実演鑑賞
満足度★★★★
創作戯曲が二作ほとんど同時に東京の主要な劇場で公演されるのは極めて珍しい。
好評だったiaku公演「フタマツヅキ」に続いて、老舗大劇団の文学座による「ジャンガリアン」。若手劇作家の中でも、ここ数年、一作ごとに力をつけている急成長の関西出身の横山拓也、大忙しである。
「フタマツヅキ」は東京の噺家脱落一家の物語だったが、こちらの舞台は関西。同じような庶民の市井劇である。
舞台は創業60周年の老舗のとんかつ屋「たきかつ」の店。ネズミが頻りに出没する古ぼけた店をリニューアルして店を継ぐと家業には見向きもしなかった長男の琢己(林田一高)が戻ってきた。商店街の中でも独自老舗を売り物にしてきたが、母(吉野由志子)と一人だけのとんかつ揚げの職人(高橋克明)ではのれんを守るだけで経理も満足にできていない。将来は会社組織にして商店会にも加入したいが商店会長は、母の離別した先夫(たかお鷹)で琢己の実父、というのも話をややこしくしている。外人留学生支援をしている常連客(金澤映実)がねずみ退治には対抗する別の種のねずみを飼うのがいいと、ジャンガリアン種のネズミの繁殖をやっているモンゴルからの留学生(奥田一平)をつれてくる。人手は欲しいのだが、外国人という事で周囲の目は厳しい。・・・・
というような物語の展開で、二年前に障碍者の性処理という難しい問題を普遍的なドラマにした「ヒトハミナヒトナミノ」と同じ、横山戯曲、松本演出。
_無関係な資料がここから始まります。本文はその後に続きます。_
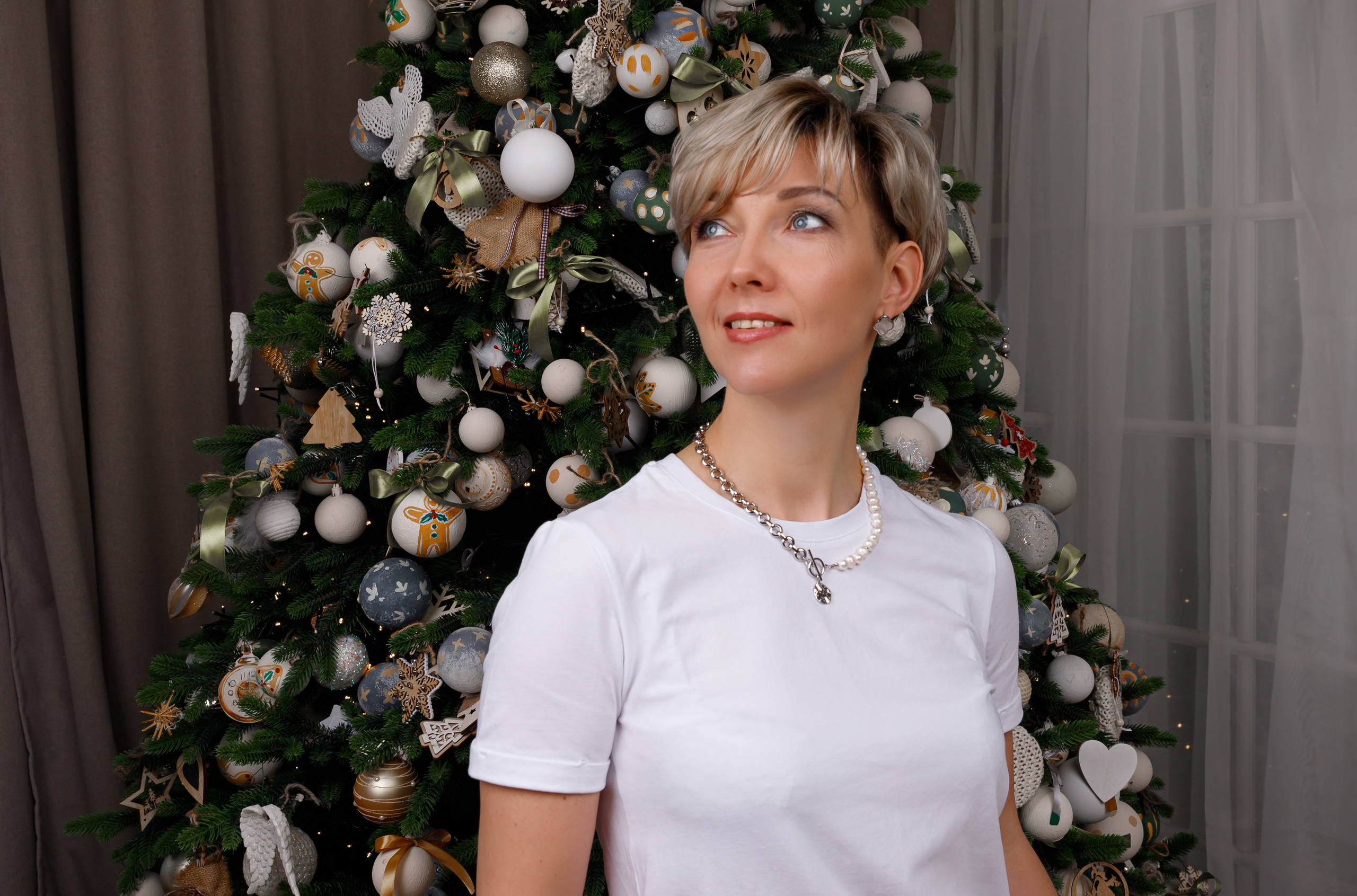 HappyNewYear_DailyStudio_2024. ФОТОГРАФ РАДОСТИ Фотосессия в студии СПб. Портретный фотограф — Юрий Торлопов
先の「フタマツヅキ」に比べれば、町内の小企業とか、外国人労働者問題とか今日的な問題を扱ってはいても、大劇団公演らしい素材選びと処理である。
それだけに、無難なウエルメイド劇に仕上がっていて、それが残念とも、よかったともいえる出来である。劇場もサザンになると文学座・横山の組み合わせでも満席にはならず、7分の入り、老人の観客が多いからこういう穏当な舞台になるのもやむを得ないだろうが、この組み合わせなら、やはり「ヒトナミノ」のような意欲作を見たくなる。少し回数を増やしても、アトリエで次回作を見たくなる。劇場が大きくなったせいか、出演者にもいつもの人の肌触りが薄い。大阪の話なので当然大阪弁だが、新喜劇なら、こうは言わないだろうというところがかなりあって、もちろん、文学座だから動きもよく、セリフはちゃんと方言指導通りにやっていて、よく聞こえもするが、そうなればなるほど、大阪弁の独特のニュアンスからは遠くなっていく。東京の芝居だなぁ、という舞台だった。